I think you have to factor in the ideological motivation here. Many have tried to criticise the team for being socialists or weaponise it as a means of trying to get Lemmy not to take off, but I argue that it is because Lemmy is run by ideologically committed people that it exceeded your expectations.

Lemmy's goal is disrupting corporate control of what used to be communal spaces online. This is ideologically motivated by the socialist beliefs held by its development team.

Whether you agree with socialists or not politically, for a platform like Lemmy this motivation is very very powerful and plays a significant part.

The other side of this is that having known and occupied socialist spaces with Dessalines for close to a decade now he is one of the hardest working socialists online.
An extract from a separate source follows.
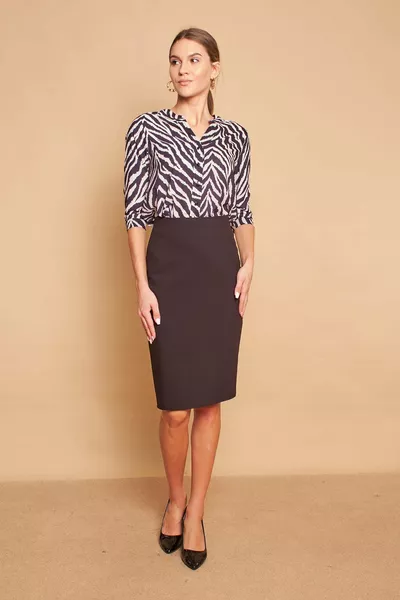 Подкладная юбка-карандаш с высокой талией ниже колена, слегка эластичная, с разрезом, офисная тканевая юбка - черная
[-] sure@lemmy.ml 30 points 1 year ago

Oh, so that explains why the ratio of favorites/boosts is so low on mastodon. I thought it was just a culture thing, where people rarely left likes on posts.

Turns out it was just a software quirk.

[-] petunia@lemmy.world 28 points 1 year ago
  1. This isn't just a Mastodon problem, all fediverse softwares struggle to keep an accurate tally of faves/likes/whatevers on posts from remote instances

  2. It doesn't look like this anymore on mastodon.social

  3. Search isn't free so it's up to the admins to decide how good/powerful they want their search bar to be.

  4. It shows all followees/followers of a user if said user is local, but if the user is remote, it will only show local followees/followers of that user because knowing what remote accounts follow what remote users also isn't free.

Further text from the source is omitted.